In another experiment testing whether this interaction between BAF47 and nucleosomes was also present in more primitive organisms, such as fruit flies and yeast, Valencia discovered for the first time that this interaction had actually occurred throughout millions of years of evolution.

“Freddy had not only discovered the mechanism behind why it’s so bad to have these mutations in this disease type, but also a critical piece of understanding as to how chromatin remodeling even works,” Kadoch says, noting that Valencia’s work has provided a new layer of fundamental understanding that has never been brought forth before. “If researchers can learn how to alter the function of these master regulatory complexes, we can modulate gene expression.”

Relevant Insights

CSS and other syndromes are characterized by symptoms that affect disparate parts of the body. The latest knowledge could enable researchers to alleviate some symptoms, perhaps by creating a sort of molecular “glue” to fix the broken interface. “As a kid, I remember my sister suffering from epilepsy, which was difficult for me to understand,” Valencia says. “Epilepsy has a higher prevalence in individuals with an intellectual disability. Understanding the way her condition developed, or at least its basic mechanisms, could inform future advances in therapeutic interventions for neurological conditions such as epilepsy.”

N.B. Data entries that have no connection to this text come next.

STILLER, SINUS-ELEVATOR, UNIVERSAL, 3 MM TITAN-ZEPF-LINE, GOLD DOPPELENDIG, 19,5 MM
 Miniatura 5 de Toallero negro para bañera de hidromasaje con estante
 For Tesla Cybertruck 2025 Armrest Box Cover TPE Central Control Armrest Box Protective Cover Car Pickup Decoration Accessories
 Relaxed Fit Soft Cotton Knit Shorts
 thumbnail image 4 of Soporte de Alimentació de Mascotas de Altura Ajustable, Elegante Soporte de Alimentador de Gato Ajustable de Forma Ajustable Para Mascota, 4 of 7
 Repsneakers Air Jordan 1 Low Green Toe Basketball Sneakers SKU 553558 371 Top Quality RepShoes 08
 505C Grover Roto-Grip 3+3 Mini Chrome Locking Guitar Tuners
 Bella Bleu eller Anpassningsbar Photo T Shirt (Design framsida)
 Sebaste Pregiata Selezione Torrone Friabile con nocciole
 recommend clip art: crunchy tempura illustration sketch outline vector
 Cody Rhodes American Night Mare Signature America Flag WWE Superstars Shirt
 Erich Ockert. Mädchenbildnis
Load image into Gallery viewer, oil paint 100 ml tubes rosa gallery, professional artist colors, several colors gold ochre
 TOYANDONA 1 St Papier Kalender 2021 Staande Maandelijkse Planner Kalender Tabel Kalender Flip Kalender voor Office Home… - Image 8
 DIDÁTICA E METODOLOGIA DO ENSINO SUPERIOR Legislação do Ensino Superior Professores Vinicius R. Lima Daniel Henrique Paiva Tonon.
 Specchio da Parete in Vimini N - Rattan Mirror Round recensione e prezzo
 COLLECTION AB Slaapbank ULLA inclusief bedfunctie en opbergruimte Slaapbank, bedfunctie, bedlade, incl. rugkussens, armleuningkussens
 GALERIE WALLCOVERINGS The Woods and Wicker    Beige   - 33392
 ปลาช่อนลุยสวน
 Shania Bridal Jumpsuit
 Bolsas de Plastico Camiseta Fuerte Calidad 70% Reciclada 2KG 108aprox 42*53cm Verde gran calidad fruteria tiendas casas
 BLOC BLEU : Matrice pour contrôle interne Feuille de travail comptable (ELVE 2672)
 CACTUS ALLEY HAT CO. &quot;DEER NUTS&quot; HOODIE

After the results were published in Cell, Dr. Gijs W. E. Santen, a clinical geneticist at the University of Leiden, reached out to Kadoch and Valencia. Although it’s still unknown how BAF47 mutations lead to the multiple symptoms of CSS, Santen says the results described in the paper will be of interest to parents of patients who struggle to understand exactly how mutations cause the disease. “The insights that this study provides are relevant to all diseases related to BAF complex dysfunction,” he says.

After Valencia graduates in May 2020, he hopes to embark on postdoctoral studies in which he can collaborate with geneticists such as Santen to further identify BAF complex mutations—and continue to illuminate the underlying cause and effect of conditions such as his sister’s.

“To actually have access to geneticists and patients,” Valencia says, “and to have the opportunity to understand such mechanisms in a way that impacts the lives of people is incredibly exciting for me.”